Dr Ball’s team of 11 people, based at the Menzies Health Institute Queensland, at Griffith University’s Gold Coast campus, will have three key priorities over the next five years:

1. Shifting the health system from a problem base to a prevention base in nutrition;
2. Improving the systems that support the dietitian workforce in Australia; and
3. Educating medical professionals on how to provide evidence-based nutrition advice.

One of their initial tasks will be to undertake a study to understand what patients want. A key question is: Do they want to get health and nutrition advice in primary care?

During the study, Dr Ball will work with social listening researchers to understand what the general public is talking about on online, to guide the design of a patient intervention.

Another core task during the five-year fellowship is the roll out of a tool designed by Dr Ball, called NutriCare, to GPs across Australia, which will be monitored to find out whether it is improving care and improving patients’ diets.

“We are aiming to implement NutriCare across all of Australia in concert with interventions that will help get more people access to nutrition care earlier and from more health professionals,” Dr Ball said.

“In terms of primary care research, dietetics and nutrition is as important to the health system as any other aspect of care, such as medication and drug discovery, and it hasn’t always been that way in the past,” Dr Ball said.

“It is very relevant to everything, and it doesn’t get assigned to one specific health professional and I think that is a real challenge. But things are changing, and that is a good thing.”

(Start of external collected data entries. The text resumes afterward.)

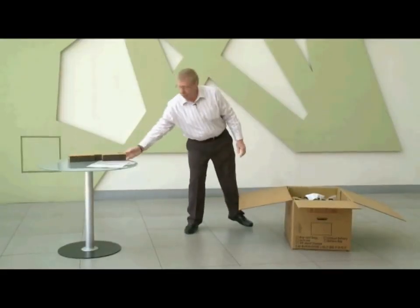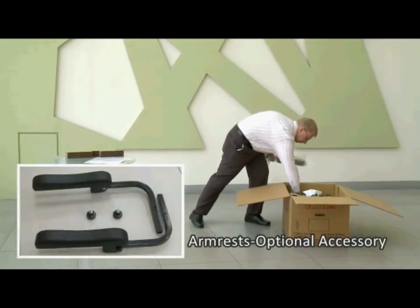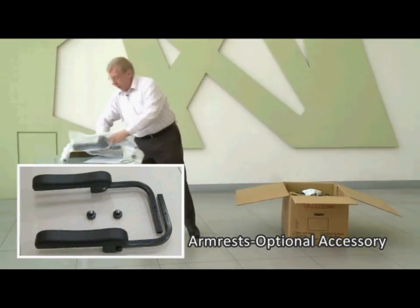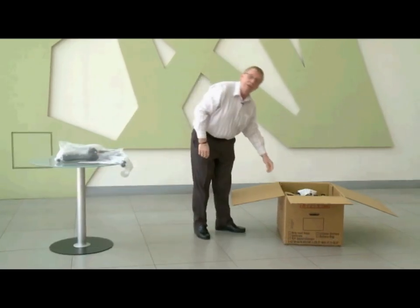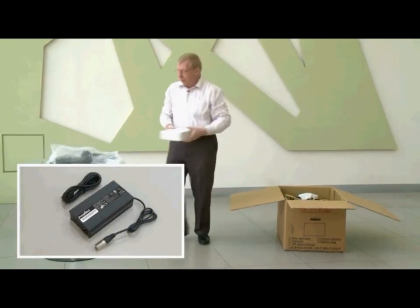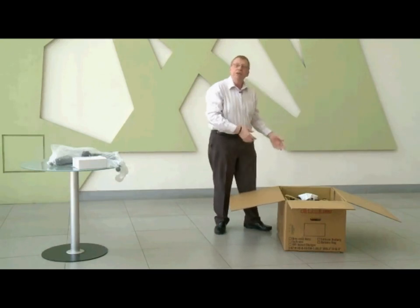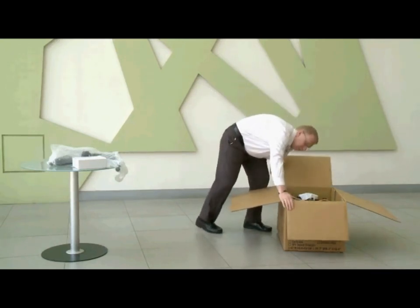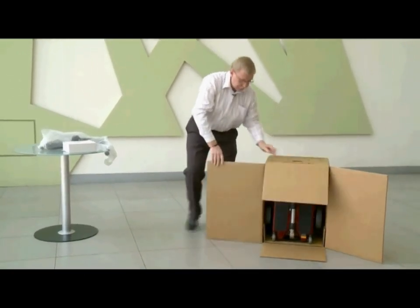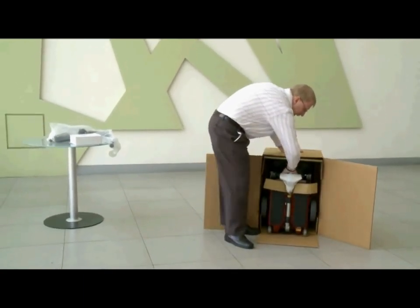Take out the cardboard that comes with the packing and the armrests. The next thing you need to do is take out the charger — very important. Now you're ready to take the scooter out of the box. Simply lift it up on its side like this. Grab hold of the handle and just slide it out.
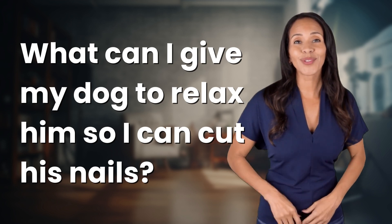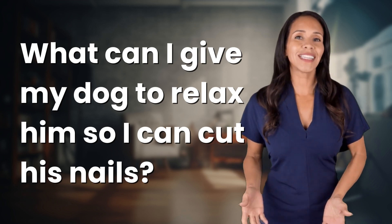Unlocking answers to your most sought-after questions. What's in the Knowledge Vault today?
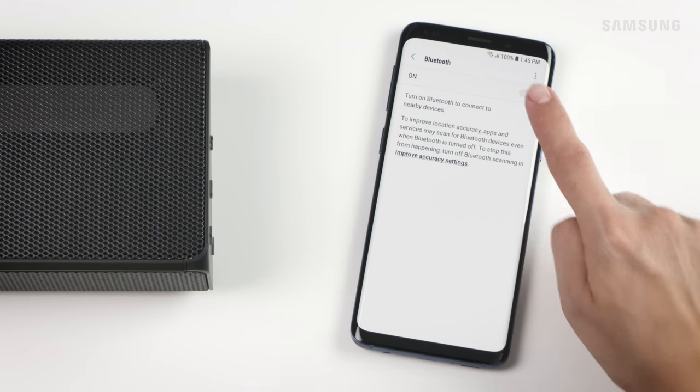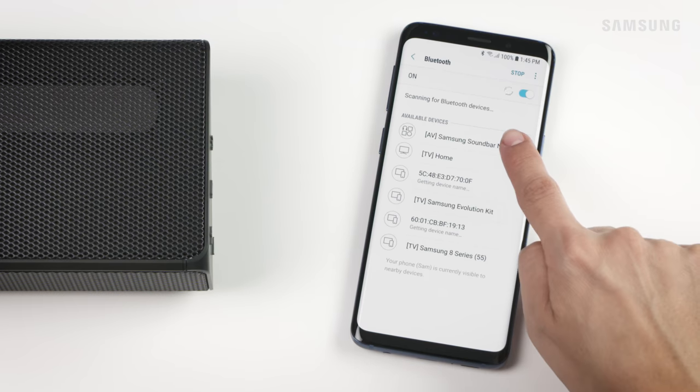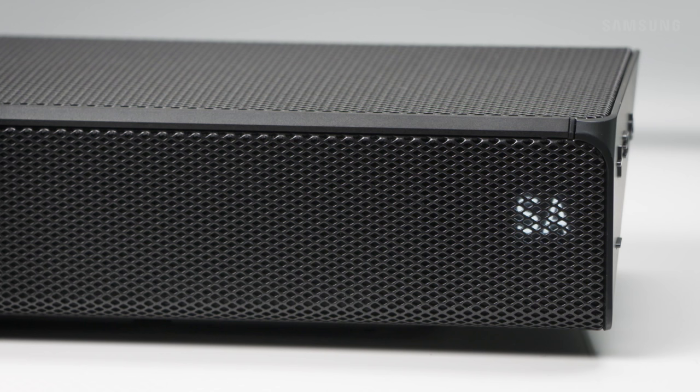Now on your phone, turn on Bluetooth and then select your soundbar. Once the two pair together,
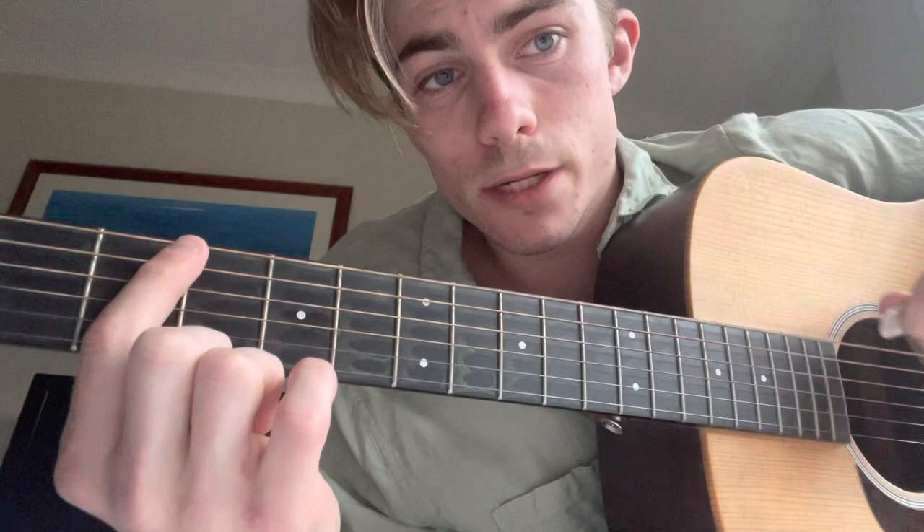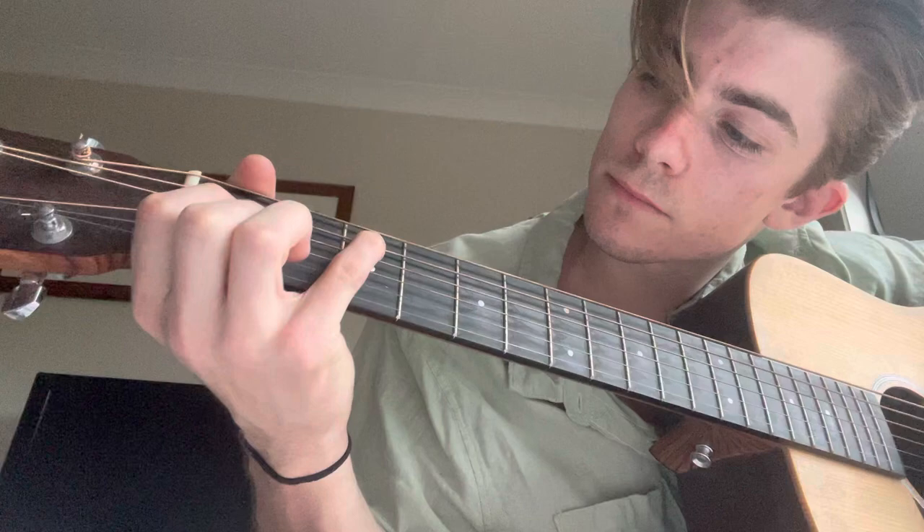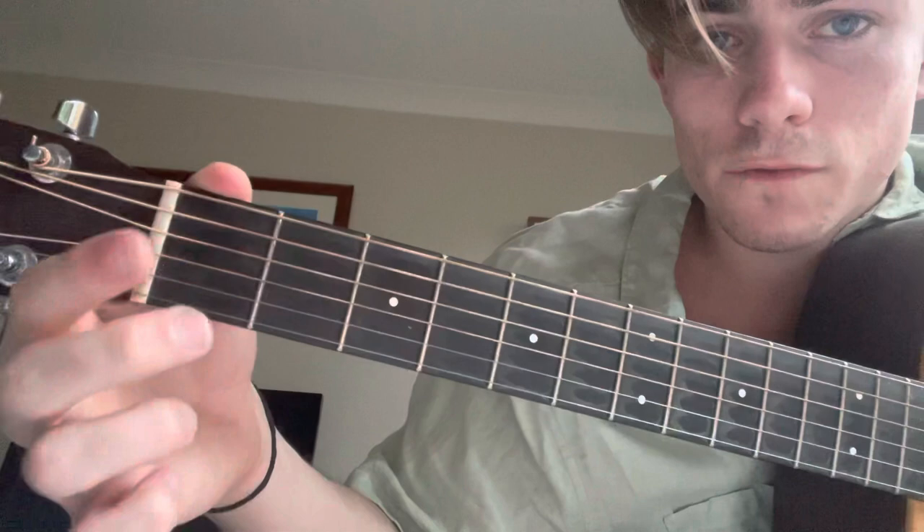C minor is the bar chord here, barring the third fret. Not playing the top string — just lightly touching it so it doesn't ring out — and then making an A minor shape. Alternatively, if your fingers can do it, you can play a C minor like this: putting your first two fingers on the B and D strings, putting your pinky on the third fret, and then muting the bottom string. I personally would not play that — I just play the bar chord.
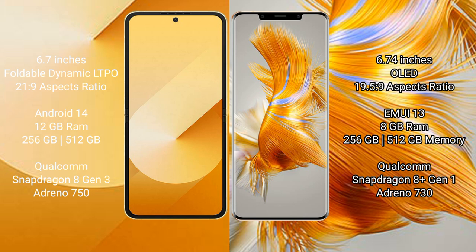Huawei Mate 50 Pro comes with 8GB RAM and 256GB or 512GB internal storage, Qualcomm Snapdragon 8 Gen 1 processor, and Adreno 730 GPU.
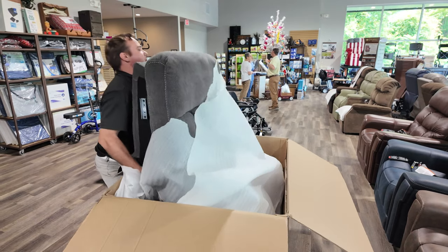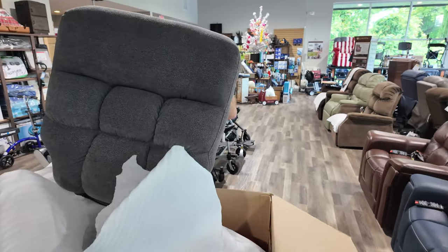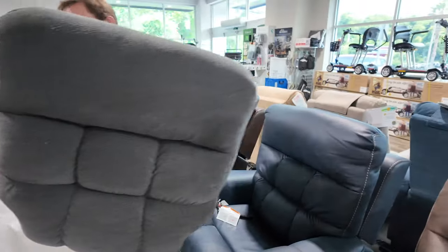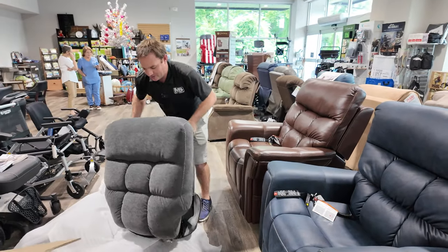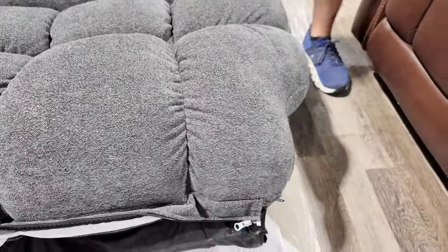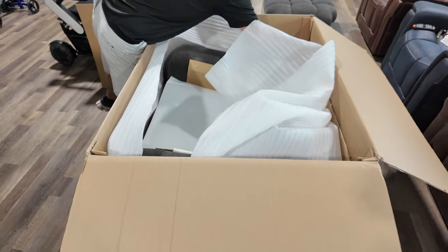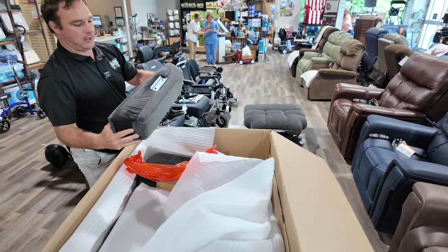It's got the lumbar adjustment — this is really pretty. This also has the power pillow, that's why it's heavy. Now you can do this a couple of ways: you can go back in here and grab these — these are for the sides of the back.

Robert Hunt, CEO of Dietitians Association of Australia (DAA), said he was delighted that the NHMRC had recognised Dr Ball’s research with the Emerging Leadership (Level 2) Fellowship grant.

“DAA considers it crucial that key allied health professionals, including dietitians, have an embedded role in primary care to ensure evidence-based nutrition advice,” he said.

“The dietetics profession seeks a very strong engagement with primary health care and indeed with all general practitioners.

“Dr Ball is a recognised expert in this field, and we welcome this substantial investment in this important work.”